Biloxi 1975

An hour after sunset we passed through Ocala. The cowboy town looked mean and I drove the speed limit. Florida was a big state at 55.

I joined the Interstate after Lake City.

Old Bill drunkenly bitched about the trucks.

“Not many other options.” I wasn’t keen on driving through the backroads of the Panhandle. “This is cracker territory.”

“I know, but those trucks sound like giant frogs fartin’.” He stuffed wads of wet paper in his ears and fell asleep until we reached Biloxi around four in the morning. He lifted his nose to the open window.

“There’s a good crab shack before the bridge. The second one. My wife liked it. We’ll eat there.”

Old Bill’s choice was on the money.

The crabs were big and juicy.

We entered the shack and sat by the window. He tucked a napkin into his collar and spread a handkerchief on his lap.

“Only have one damned suit.”

The other diners watched him crack the crabs and stuff the succulent meat in his mouth.

Shells and crab meat were scattered all over his side of the table. I averted my eyes from the horror of his enjoyment. At the end of the meal Old Bill wiped his mouth with the napkin.

“I get anything on my suit?” He stared down with an inquisitive sniff.

“Nothing.
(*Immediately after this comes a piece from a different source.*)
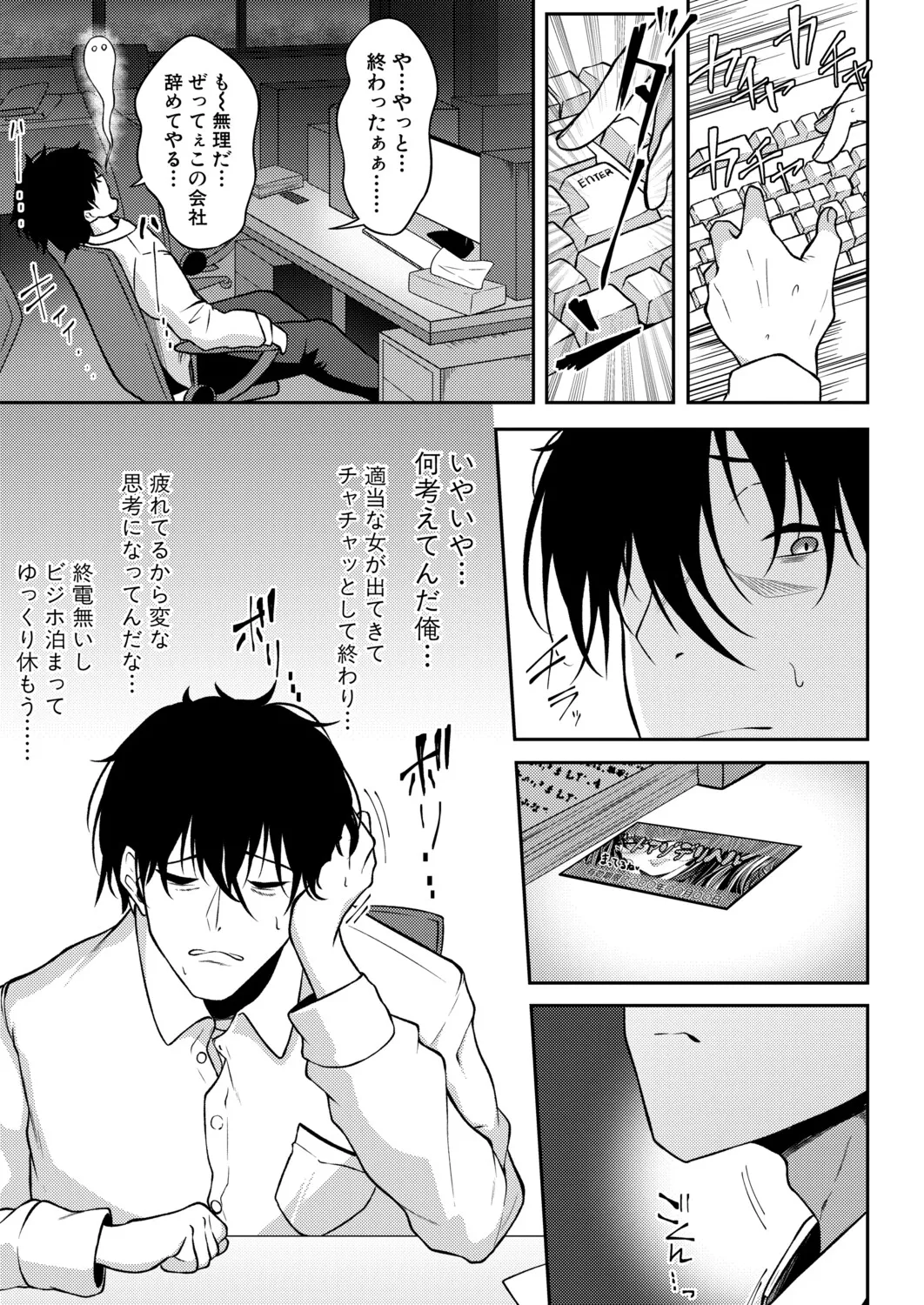 หน้า 348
I didn’t need to tell the truth to a blind man.

“I’m a lucky man.”

We returned to the Olds.

“How so?” I felt good too.

“My belly’s full of crab and I got a hippie diving me to Texas.”

“I’m lucky too.” I opened the car door and hesitated for several seconds. A warm wind blew off the Gulf. Winter was up north. I pulled the keys out of my pocket and sat behind the wheel. The traffic over the Biloxi bridge was light and the road was open to LA.